While no stranger to worrying, panic attacks are well out of my usual emotional responses, and as a result I was quite, well...worried. I was unable to focus on any one subject; rather my mind raced from my empty suitcases still stacked in my closet, to unpaid bills (my cell phone has since been cut off...oops), to unanswered emails and phone calls. In other words, I was fucked. However, true to form, the suffocating anxiety that might have spurred me to stay awake late into the night editing research proposals, laying out holiday outfits and searching for my immigration forms was short-lived and conquered by 1.5 milligrams of melatonin. Two hours later I was home drinking mate (mah-tay) with my friend and laughing at just about anything and everything. I can pack tomorrow, I told myself.

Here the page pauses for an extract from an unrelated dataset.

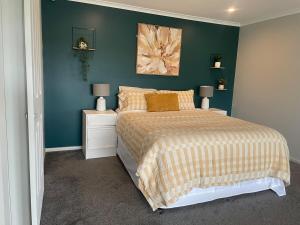 une chambre avec un lit et un mur végétal dans l'établissement Clonburn Manor at Sovereign Hill, à Ballarat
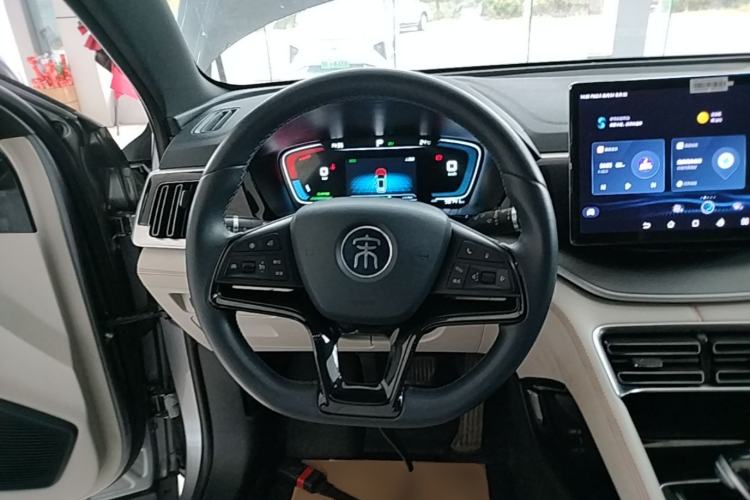Used BYD Song PLUS New Energy 2021 DM-i 110KM Flagship Model Steering Wheel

I woke up early, but I had a breakfast date with a friend who was visiting from Australia which meant I had roughly five hours to pick up my laundry, take out rent money, pay my phone bill (late, too late, still cut off), print out and bind a 150-page thesis on virtual identity construction on Internet dating sites; buy alfajor cookies, yerba-mate, wine, airport snacks and headphones; call the airline to request a vegetarian meal, call to order a taxi to the airport, have coffee with my professor downtown, have lunch with my friend at my house, get my documents in order, and pack my bags. At four in the afternoon I had finally unzipped by bags and starting wrapping my jeans around the wine bottles when the taxi driver rang my doorbell (he was supposed to get there at 5:30)! It took 20 minutes to chuck everything that was categorized and piled on my bed into my bags and another five minutes to throw on shorts and a t-shirt (an act I later regretted sitting in the 50-degree airport terminal). Upon climbing into the taxi, the chauffeur told me that the piqueteros were planning a protest that would cut off the main highway, which is why he came to get me so early. But there was no protest on the highway. No traffic at all actually. I arrived five hours before takeoff.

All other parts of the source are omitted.